La demencia de los dioses
Esquilo abre su tragedia Los siete contra
Tebas con las lamentaciones del rey Eteocles,
defensor de la ciudad: «Si logramos el éxito, la gente dirá que la causa de
ello es un dios, pero si al contrario ocurre un fracaso... las críticas y
reproches serán para los gobernantes». ¡Qué lejos estamos de los griegos! En
estos tiempos de modernidad razonamos desde las antípodas. Cuando la economía
va bien, loas y golpes de botafumeiro al Gobierno. En el cénit del engreimiento
y de la prepotencia, los responsables llegan a afirmar que han terminado con
los ciclos. Nunca más vacas flacas. Pero retornan las
vacas, locas y flacas. La culpa entonces es de los dioses. Divinidades de muy
diversa denominación: coyuntura internacional, crisis del petróleo o
hundimiento de las Bolsas.
La ciencia económica ha perdido toda
racionalidad. Sus análisis no se realizan desde la lógica, sino desde los
intereses. Unicamente la más pura ambición puede
admitir como normal que el valor de las empresas se triplique, por término
medio, en cuatro o cinco años. Sólo la codicia desaforada puede considerar
razonable que Terra valga más que Telefónica. La lógica más elemental
indicaría, por el contrario, que antes o después habría de llegar el crack bursátil. Se ha dicho, y con razón, que la
hiperinflación corrompe la economía. Todo el mundo coincide en que ésta
difícilmente puede funcionar si los precios de los artículos se modifican a
cada instante.
Y, sin embargo, no vemos inconveniente en
las continuas fluctuaciones de la Bolsa.

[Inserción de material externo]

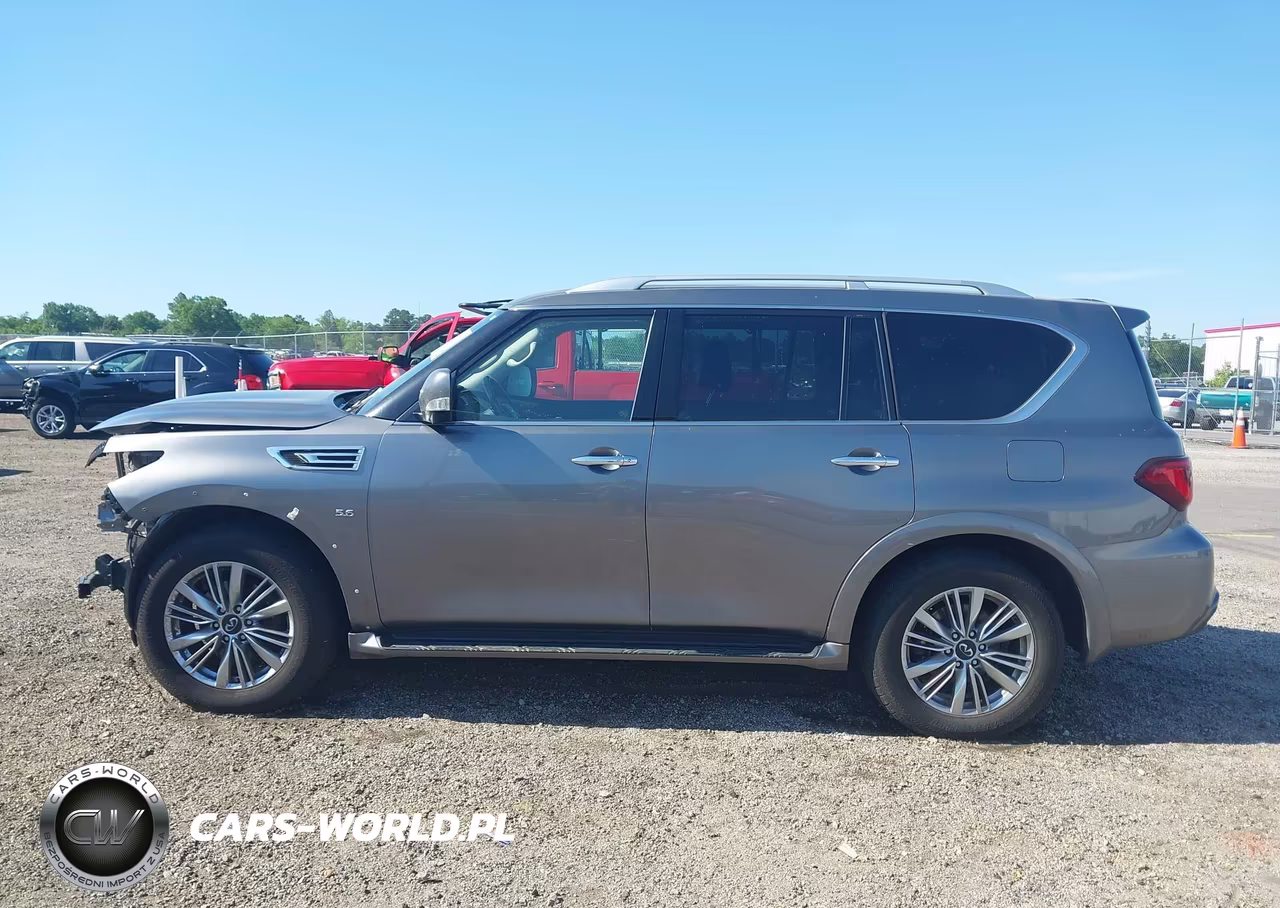 2019 Infiniti Qx80 Luxe VIN:JN8AZ2NF8K9687217 - 15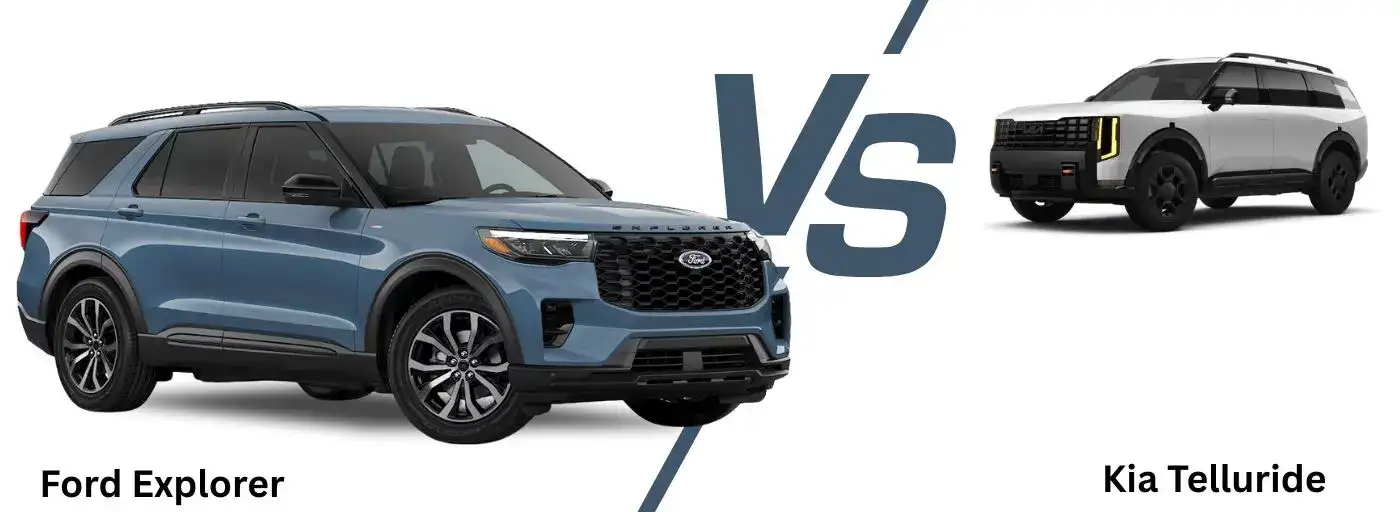 2026 Ford Explorer vs Kia Telluride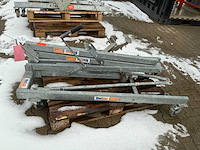 2019 muba kal 275 krachtarmlift / montagelift - afbeelding 5 van  6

Nos alarmamos ante una inflación del
3% y saludamos con optimismo revalorizaciones anuales cercanas al 100% en el
precio de las acciones; y, lo que es más grave, consideramos en un loco
voluntarismo que estos incrementos van a continuar indefinidamente, sin que
jamás el globo se pinche.
Hemos alumbrado un capitalismo de ficción,
virtual, de ensueño, en el que una riqueza fantasmagórica se crea y se destruye
sin motivo aparente. La libre circulación de capitales ha enloquecido los
mercados. Toda la economía es ya un casino. Aunque sólo algunos apuestan, se
obliga a jugar a todos los ciudadanos. A jugar y a perder. Pierden los fondos
de inversión y de pensiones, y sobre todo los miles de despedidos de las
empresas en crisis. El mercado de capitales está enfermo, pero, ¡oh, lógica sin
par!, ¡oh, intereses! aplicamos la dura medicina al mercado de trabajo.